Significance: The fragile nature of the Third Front became a powerful poll plank for the BJP. Its 1998 government lasted only 13 months, but in 1999, it returned to power and was able to form the first, stable National Democratic Alliance (NDA) government that ran for a full five years. The BJP, which was earlier regarded as “untouchable” because of its strong Hindutva agenda, gained the confidence of allies. The episode also Institutionalised a more stable coalition dharma; both the NDA and the two Congress-led United Progressive Alliance governments were stable because regional parties too did not want frequent elections.

The UF experiment also showed the importance of a larger, national party being the anchor of a coalition. And it marked the consolidation and then the fragmentation of regional parties.
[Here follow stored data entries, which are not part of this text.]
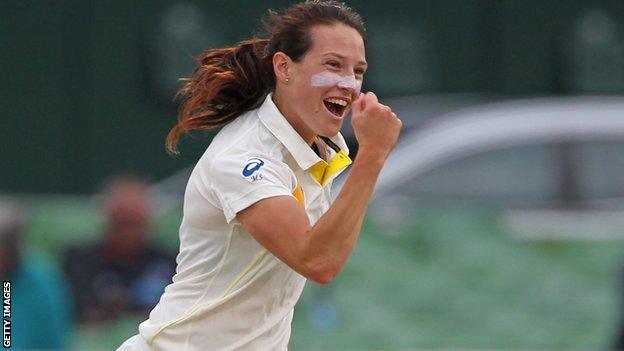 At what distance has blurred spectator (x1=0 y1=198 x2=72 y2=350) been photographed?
6.64 meters

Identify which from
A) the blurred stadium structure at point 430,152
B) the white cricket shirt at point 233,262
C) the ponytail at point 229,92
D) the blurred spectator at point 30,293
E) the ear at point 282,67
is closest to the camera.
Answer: the white cricket shirt at point 233,262

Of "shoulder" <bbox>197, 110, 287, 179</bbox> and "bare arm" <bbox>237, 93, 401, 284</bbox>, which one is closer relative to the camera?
"bare arm" <bbox>237, 93, 401, 284</bbox>

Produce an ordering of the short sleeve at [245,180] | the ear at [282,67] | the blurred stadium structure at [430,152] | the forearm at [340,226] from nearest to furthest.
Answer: the forearm at [340,226] → the short sleeve at [245,180] → the ear at [282,67] → the blurred stadium structure at [430,152]

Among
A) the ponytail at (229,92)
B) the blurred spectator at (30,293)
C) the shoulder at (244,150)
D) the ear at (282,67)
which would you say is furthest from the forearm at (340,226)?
the blurred spectator at (30,293)

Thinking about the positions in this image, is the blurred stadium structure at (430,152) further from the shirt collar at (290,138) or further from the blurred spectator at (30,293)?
the shirt collar at (290,138)

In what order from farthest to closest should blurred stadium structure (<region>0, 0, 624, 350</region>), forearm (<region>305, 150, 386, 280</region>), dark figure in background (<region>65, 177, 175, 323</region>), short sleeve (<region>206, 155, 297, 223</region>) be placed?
blurred stadium structure (<region>0, 0, 624, 350</region>) → dark figure in background (<region>65, 177, 175, 323</region>) → short sleeve (<region>206, 155, 297, 223</region>) → forearm (<region>305, 150, 386, 280</region>)

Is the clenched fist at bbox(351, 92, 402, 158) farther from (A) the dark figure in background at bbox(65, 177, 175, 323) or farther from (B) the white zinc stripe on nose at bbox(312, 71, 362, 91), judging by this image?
(A) the dark figure in background at bbox(65, 177, 175, 323)

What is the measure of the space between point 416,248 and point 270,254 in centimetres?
347

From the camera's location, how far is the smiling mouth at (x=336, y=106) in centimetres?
433

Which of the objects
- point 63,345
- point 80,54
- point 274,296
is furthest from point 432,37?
point 274,296

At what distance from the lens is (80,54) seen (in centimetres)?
1180

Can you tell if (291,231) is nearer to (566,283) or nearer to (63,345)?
(63,345)

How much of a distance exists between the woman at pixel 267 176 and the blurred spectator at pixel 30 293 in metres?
2.18

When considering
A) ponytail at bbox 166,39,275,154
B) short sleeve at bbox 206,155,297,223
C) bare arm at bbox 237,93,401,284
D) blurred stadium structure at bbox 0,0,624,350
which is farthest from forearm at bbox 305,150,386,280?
blurred stadium structure at bbox 0,0,624,350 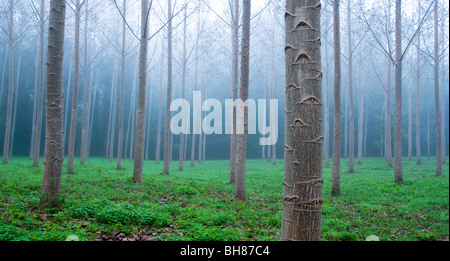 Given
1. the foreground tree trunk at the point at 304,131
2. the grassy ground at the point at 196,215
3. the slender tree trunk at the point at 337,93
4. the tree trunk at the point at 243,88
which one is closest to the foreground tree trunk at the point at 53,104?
the grassy ground at the point at 196,215

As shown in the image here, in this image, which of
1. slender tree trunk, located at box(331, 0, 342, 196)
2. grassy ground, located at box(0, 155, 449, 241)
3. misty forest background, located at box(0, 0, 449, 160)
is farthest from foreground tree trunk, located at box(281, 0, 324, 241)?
misty forest background, located at box(0, 0, 449, 160)

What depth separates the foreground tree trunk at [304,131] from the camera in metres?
1.56

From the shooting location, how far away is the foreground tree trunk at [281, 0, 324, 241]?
1559 millimetres

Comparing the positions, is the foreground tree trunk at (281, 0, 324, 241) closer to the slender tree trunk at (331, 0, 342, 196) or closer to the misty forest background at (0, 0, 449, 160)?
the slender tree trunk at (331, 0, 342, 196)

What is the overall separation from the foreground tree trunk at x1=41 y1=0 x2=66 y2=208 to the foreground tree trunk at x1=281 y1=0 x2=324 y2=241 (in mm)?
Answer: 3648

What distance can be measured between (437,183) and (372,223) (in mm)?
6024

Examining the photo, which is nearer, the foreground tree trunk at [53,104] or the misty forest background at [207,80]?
the foreground tree trunk at [53,104]

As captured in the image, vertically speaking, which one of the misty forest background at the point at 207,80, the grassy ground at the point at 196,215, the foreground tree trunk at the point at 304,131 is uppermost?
the misty forest background at the point at 207,80

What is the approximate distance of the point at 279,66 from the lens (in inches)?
875

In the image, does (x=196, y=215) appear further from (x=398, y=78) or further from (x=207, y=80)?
(x=207, y=80)

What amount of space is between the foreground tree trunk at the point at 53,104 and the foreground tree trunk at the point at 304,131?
365 centimetres

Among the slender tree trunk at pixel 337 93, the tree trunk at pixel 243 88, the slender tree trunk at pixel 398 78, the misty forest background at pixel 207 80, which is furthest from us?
the misty forest background at pixel 207 80

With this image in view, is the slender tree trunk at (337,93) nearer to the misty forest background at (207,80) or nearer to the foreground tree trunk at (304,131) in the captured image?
the foreground tree trunk at (304,131) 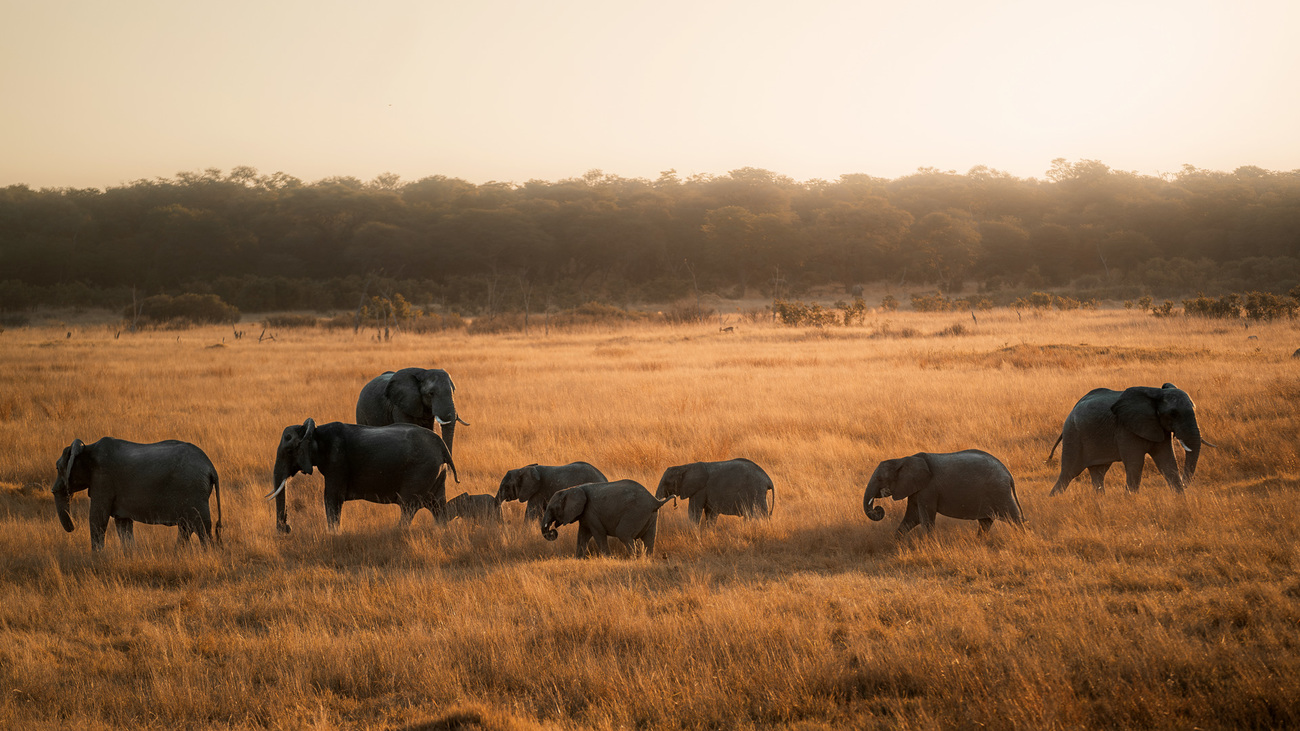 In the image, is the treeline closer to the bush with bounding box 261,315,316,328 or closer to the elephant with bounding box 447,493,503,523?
the bush with bounding box 261,315,316,328

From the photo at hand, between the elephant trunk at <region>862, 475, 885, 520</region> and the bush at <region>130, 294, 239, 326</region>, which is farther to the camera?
the bush at <region>130, 294, 239, 326</region>

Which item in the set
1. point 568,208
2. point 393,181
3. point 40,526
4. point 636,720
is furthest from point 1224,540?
point 393,181

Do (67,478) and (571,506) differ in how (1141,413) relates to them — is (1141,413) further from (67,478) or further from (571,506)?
(67,478)

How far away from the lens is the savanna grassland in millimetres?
3979

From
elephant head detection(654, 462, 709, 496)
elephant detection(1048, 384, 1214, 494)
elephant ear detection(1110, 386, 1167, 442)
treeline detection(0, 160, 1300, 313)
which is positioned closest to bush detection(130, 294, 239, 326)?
treeline detection(0, 160, 1300, 313)

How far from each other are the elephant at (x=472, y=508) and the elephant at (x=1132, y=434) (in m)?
5.64

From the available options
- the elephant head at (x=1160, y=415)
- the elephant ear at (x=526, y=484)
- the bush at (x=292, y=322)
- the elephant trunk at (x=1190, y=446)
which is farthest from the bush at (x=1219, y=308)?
the bush at (x=292, y=322)

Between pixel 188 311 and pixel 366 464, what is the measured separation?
46.8 m

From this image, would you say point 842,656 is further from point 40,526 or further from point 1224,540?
point 40,526

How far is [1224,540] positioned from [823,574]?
3.02 meters

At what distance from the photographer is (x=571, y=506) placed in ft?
22.1

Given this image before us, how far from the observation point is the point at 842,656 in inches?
174

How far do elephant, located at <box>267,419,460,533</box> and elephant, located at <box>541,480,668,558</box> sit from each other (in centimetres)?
168

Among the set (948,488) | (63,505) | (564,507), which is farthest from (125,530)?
(948,488) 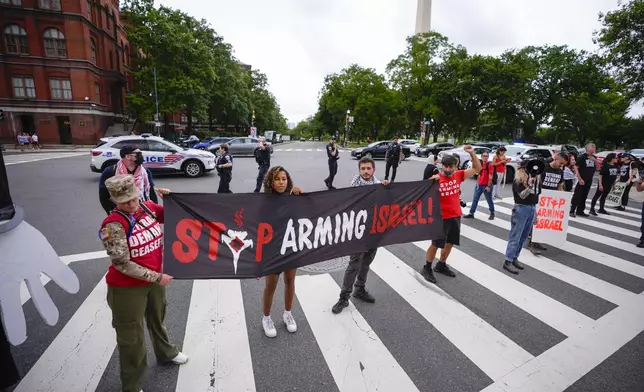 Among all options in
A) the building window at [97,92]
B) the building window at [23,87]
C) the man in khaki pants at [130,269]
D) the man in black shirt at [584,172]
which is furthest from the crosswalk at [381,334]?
the building window at [23,87]

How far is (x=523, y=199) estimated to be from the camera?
502 centimetres

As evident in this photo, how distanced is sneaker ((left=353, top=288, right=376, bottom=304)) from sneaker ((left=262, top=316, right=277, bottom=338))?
1318 millimetres

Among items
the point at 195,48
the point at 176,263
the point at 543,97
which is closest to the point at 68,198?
the point at 176,263

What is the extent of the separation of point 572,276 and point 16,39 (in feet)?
147

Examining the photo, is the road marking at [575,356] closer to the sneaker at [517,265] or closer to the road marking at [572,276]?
the road marking at [572,276]

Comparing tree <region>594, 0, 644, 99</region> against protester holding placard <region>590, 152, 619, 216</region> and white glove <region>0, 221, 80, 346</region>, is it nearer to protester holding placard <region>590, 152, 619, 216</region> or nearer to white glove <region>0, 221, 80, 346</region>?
protester holding placard <region>590, 152, 619, 216</region>

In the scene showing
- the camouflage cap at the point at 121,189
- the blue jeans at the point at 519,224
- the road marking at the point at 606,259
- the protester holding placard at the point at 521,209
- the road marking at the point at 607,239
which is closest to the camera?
the camouflage cap at the point at 121,189

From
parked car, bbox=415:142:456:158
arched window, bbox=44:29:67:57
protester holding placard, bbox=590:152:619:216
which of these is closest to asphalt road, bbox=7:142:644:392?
protester holding placard, bbox=590:152:619:216

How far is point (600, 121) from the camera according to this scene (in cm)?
4406

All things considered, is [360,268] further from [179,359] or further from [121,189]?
→ [121,189]

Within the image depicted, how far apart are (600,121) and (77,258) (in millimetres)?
59659

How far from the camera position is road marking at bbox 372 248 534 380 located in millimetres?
3141

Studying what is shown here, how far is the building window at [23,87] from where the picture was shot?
99.2 feet

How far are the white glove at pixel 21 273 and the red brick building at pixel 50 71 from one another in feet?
123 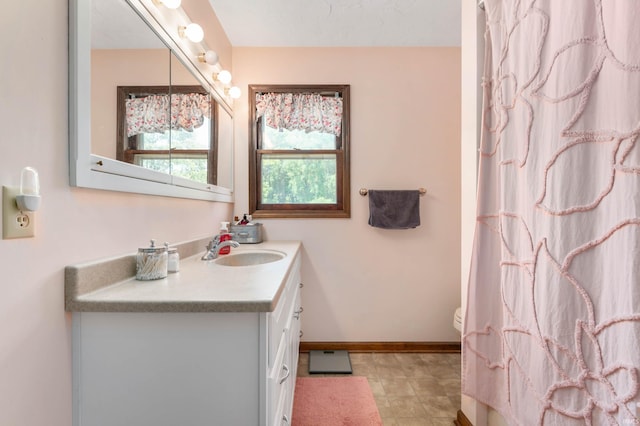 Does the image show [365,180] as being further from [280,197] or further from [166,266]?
[166,266]

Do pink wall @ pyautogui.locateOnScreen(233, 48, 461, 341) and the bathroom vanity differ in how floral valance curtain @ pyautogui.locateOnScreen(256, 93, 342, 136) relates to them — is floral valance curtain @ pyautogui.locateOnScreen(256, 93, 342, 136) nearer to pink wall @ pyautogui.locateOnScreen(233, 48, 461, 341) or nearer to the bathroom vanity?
pink wall @ pyautogui.locateOnScreen(233, 48, 461, 341)

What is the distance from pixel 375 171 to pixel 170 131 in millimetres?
1478

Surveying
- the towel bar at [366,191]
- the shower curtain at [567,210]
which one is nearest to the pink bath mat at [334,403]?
the shower curtain at [567,210]

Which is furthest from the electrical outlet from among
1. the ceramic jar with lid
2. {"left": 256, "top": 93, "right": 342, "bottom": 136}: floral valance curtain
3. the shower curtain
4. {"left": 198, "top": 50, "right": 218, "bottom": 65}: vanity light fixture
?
{"left": 256, "top": 93, "right": 342, "bottom": 136}: floral valance curtain

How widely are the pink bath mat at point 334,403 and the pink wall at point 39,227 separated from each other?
1171 mm

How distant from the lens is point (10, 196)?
640 millimetres

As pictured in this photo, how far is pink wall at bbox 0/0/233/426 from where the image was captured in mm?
644

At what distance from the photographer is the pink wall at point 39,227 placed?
0.64 metres

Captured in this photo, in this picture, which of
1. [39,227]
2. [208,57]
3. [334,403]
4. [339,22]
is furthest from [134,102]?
[334,403]

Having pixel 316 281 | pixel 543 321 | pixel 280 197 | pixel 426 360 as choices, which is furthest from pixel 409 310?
pixel 543 321

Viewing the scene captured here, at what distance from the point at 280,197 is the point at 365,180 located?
68cm

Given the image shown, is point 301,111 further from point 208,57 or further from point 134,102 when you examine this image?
point 134,102

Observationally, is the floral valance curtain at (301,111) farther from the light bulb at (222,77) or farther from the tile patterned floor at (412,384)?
the tile patterned floor at (412,384)

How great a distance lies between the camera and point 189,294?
2.77 ft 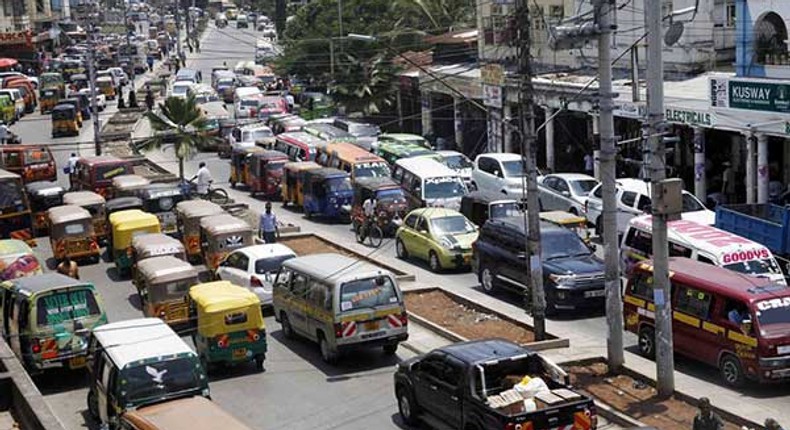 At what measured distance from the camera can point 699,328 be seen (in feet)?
70.7

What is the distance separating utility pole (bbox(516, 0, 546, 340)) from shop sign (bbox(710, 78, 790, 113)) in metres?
11.7

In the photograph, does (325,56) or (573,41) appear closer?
(573,41)

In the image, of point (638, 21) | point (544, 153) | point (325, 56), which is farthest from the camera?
point (325, 56)

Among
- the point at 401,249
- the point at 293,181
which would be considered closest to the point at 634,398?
the point at 401,249

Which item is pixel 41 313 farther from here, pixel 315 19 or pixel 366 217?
pixel 315 19

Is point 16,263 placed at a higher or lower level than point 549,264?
higher

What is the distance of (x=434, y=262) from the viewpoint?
32.7m

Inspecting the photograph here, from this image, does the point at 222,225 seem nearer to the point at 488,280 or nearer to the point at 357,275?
the point at 488,280

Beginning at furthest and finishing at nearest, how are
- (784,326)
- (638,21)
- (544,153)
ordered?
1. (544,153)
2. (638,21)
3. (784,326)

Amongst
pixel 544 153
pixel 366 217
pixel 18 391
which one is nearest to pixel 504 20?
pixel 544 153

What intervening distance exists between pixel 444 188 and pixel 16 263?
46.3 feet

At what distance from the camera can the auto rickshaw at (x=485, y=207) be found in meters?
34.5

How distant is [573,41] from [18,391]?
11.2 meters

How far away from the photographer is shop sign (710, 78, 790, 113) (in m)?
32.8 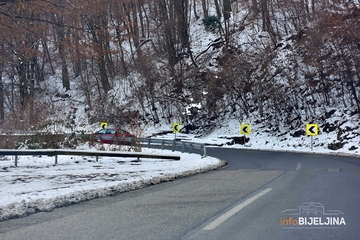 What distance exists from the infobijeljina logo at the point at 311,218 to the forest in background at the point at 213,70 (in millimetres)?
10033

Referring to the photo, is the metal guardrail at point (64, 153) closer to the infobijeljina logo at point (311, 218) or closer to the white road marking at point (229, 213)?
the white road marking at point (229, 213)

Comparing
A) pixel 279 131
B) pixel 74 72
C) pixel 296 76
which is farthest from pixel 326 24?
pixel 74 72

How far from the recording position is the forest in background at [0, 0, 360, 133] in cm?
3097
The Janata Dal, which promised to be an alternative to the national parties, remained an illusion in Indian politics and its various constituents drifted apart. After the experiment, the Congress, too, returned under the leadership of the Nehru-Gandhi family with Sonia Gandhi taking charge. As 2019 approaches, Sonia Gandhi and her son Rahul, the Congress president, are in touch with many of the older leaders of the UF, and the inheritors of their political legacy, to keep the BJP out.